La Caperucita y el Lobo (*) (Valparaiso)

Le centre ville de Valparaiso est gris et réellement moche. Le jour, c’est un circuit de course pour les « colectivos”, ces minibus qui sillonnent la ville à toute vitesse dans un concert ininterrompu de klaxons, de crissements de pneus et de couinements de freins. La nuit, c’est le territoire des grands méchants loups, et il parait qu’il ne vaut mieux pas y traîner, surtout dans le quartier du port, sinistre et à demi-abandonné…

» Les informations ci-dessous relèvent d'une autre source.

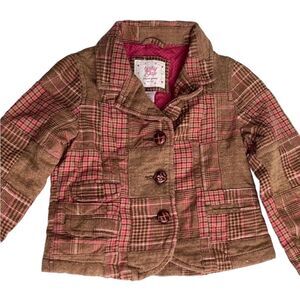 Baby Gap girl’s toddler plaid patch black jacket size 3T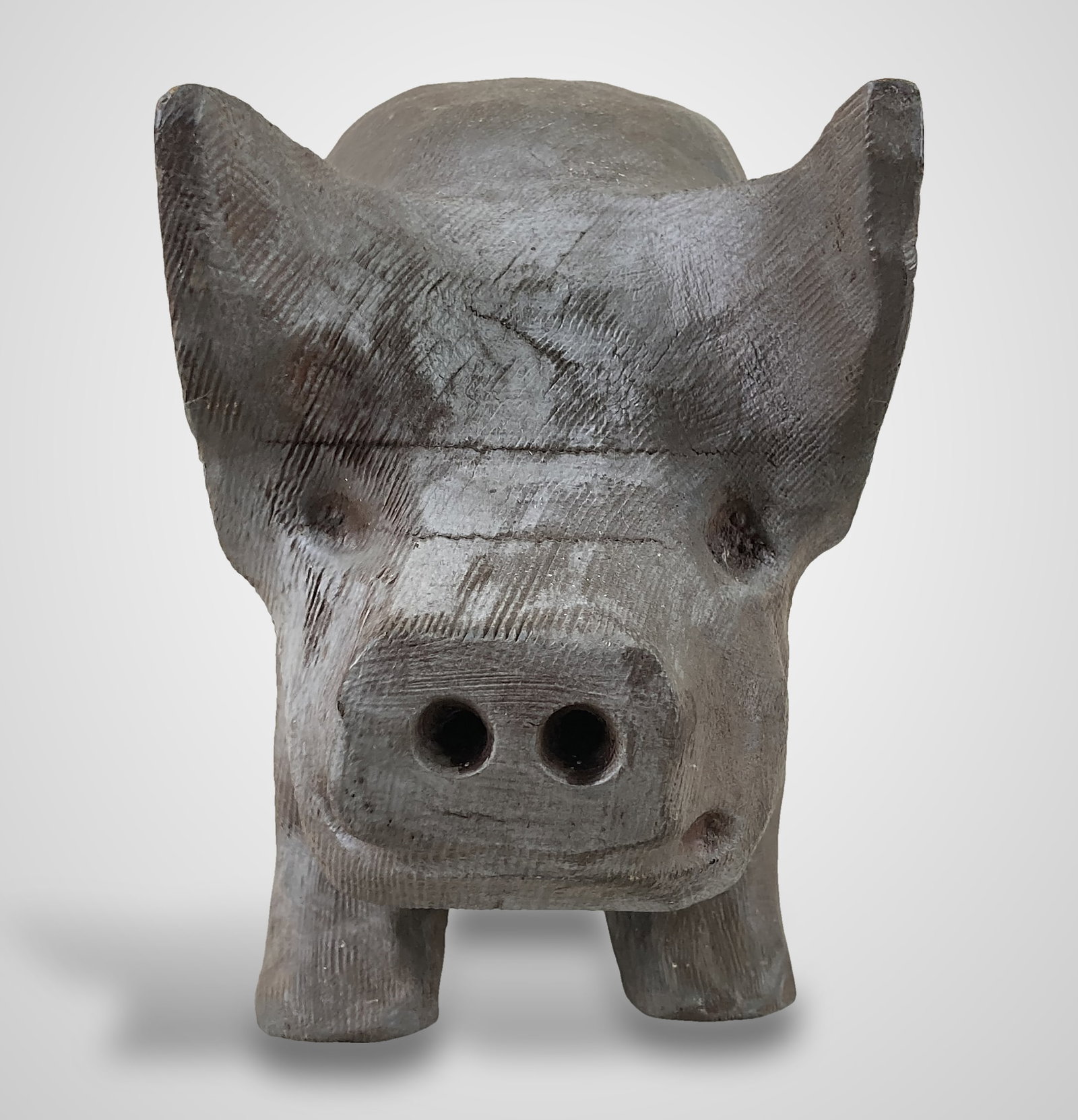 Signed Folk Art Carved Pig - 2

Il y a bien, le long de la mer, une nouvelle « promenade » dont l’ambition non dissimulée est de donner à la ville des allures de Riviera niçoise. Mais même si, à l’autre bout du « paseo », Viña del Mar, station chic et toc, se prend quelques jours par an pour la rivale de Cannes, la promenade de Valparaiso, coincée entre la route, la voie ferrée et des entrepôts en ruines n’offre d’autre attraction réelle qu’un minuscule port de pêche, avec les lions de mer, mouettes et pélicans dont il assure la subsistance.

Non ! Pour découvrir et aimer Valparaiso, il suffit tout simplement de monter. Le long de rues très pentues. Par des escaliers et des ruelles sombres. Enfin, lorsqu’ils veulent bien fonctionner, par d’antiques funiculaires et de vénérables ascenseurs.

La vraie ville est là. C’est ce fouillis inextricable de maisonnettes en bois accrochées désespérément de tous leurs fragiles piliers aux pentes des collines. De bric, de broc et de tôle ondulée, ou bien de facture classique et bourgeoise, restaurées à grand coup de fric par les promoteurs ou bien dévorées par les incendies, elles forment partout ce dédale en pente, coloré, anarchique et joyeux qu’est la ville de Valparaiso.

De plus, les peintres de rues se sont emparés de ce territoire pauvre, marginal et délaissé, et en ont fait en quelques années l’atelier d’une création foisonnante, œuvre à la fois collective et individuelle. C’est le défi éclatant de la couleur jeté comme un pavé au beau milieu d’un bidonville : romantique à souhait. Le petit port des pauvres est ainsi devenu une galerie d’art populaire dont les œuvres s’accrochent à chaque coin de rue, et c’est ce qui fait aujourd’hui, à juste titre, son attrait touristique.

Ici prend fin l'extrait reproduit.